Tema central: Esta questão exige habilidade de interpretação comparativa entre textos argumentativos, foco fundamental em vestibulares e concursos. O candidato deve identificar opiniões, argumentos e posições dos autores sobre um mesmo fenômeno social – os “rolezinhos” – e compreender como cada um enxerga esse movimento diante da sociedade e da propriedade privada.

Justificativa da alternativa correta (B):

A alternativa B afirma que o texto 1 apresenta a reação dos shoppings como segregacionista, e o texto 2 ressalta o valor da propriedade privada. Veja:

  • No texto 1, BOFF descreve os rolezinhos como resposta à exclusão social, criticando a postura dos shoppings de fechar portas e chamar a polícia, prática vista como segregacionista.
  • No texto 2, ROSENFIELD diferencia os espaços públicos dos privados, destacando que as manifestações em shoppings confrontam o princípio da propriedade privada, considerada por ele inalienável.

Estratégia: Ao comparar textos, observe sempre as palavras e frases que expressam juízo de valor (por exemplo, “segregacionista”, “não respeitam a propriedade privada”), além do contexto argumentativo de cada autor, conforme orientações de Koch & Elias.

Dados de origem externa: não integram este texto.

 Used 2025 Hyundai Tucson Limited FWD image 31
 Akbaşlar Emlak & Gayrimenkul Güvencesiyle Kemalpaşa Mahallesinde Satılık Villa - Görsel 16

Análise das alternativas incorretas:

A) Errada, pois o texto 1 não vê os rolezinhos como protesto contra consumismo, e o texto 2 não os define como manifestação “dúbia”.

C) Parcialmente correta sobre a denúncia da desigualdade social, mas o texto 2 não afirma que apenas locais públicos podem receber manifestações; apenas assinala a diferença entre espaço público e privado.

D) Incorreta, pois o texto 1 não critica o consumismo, e o texto 2 não trata o consumismo como protesto contra a propriedade privada: trata das manifestações propriamente.

Dica de prova: Evite assumir interpretações que não estejam fundamentadas explicitamente nos textos. Cuidado com alternativas que ampliam ou distorcem a posição dos autores.

Referências:
Cunha & Cintra, “Nova Gramática do Português Contemporâneo” – sobre coesão e coerência.
Koch & Elias, “Ler e Compreender” – análise comparativa de textos.

Resumo: A alternativa B é correta porque estabelece, de modo fiel, a relação entre os posicionamentos de ambos os autores sobre segregação social e propriedade privada.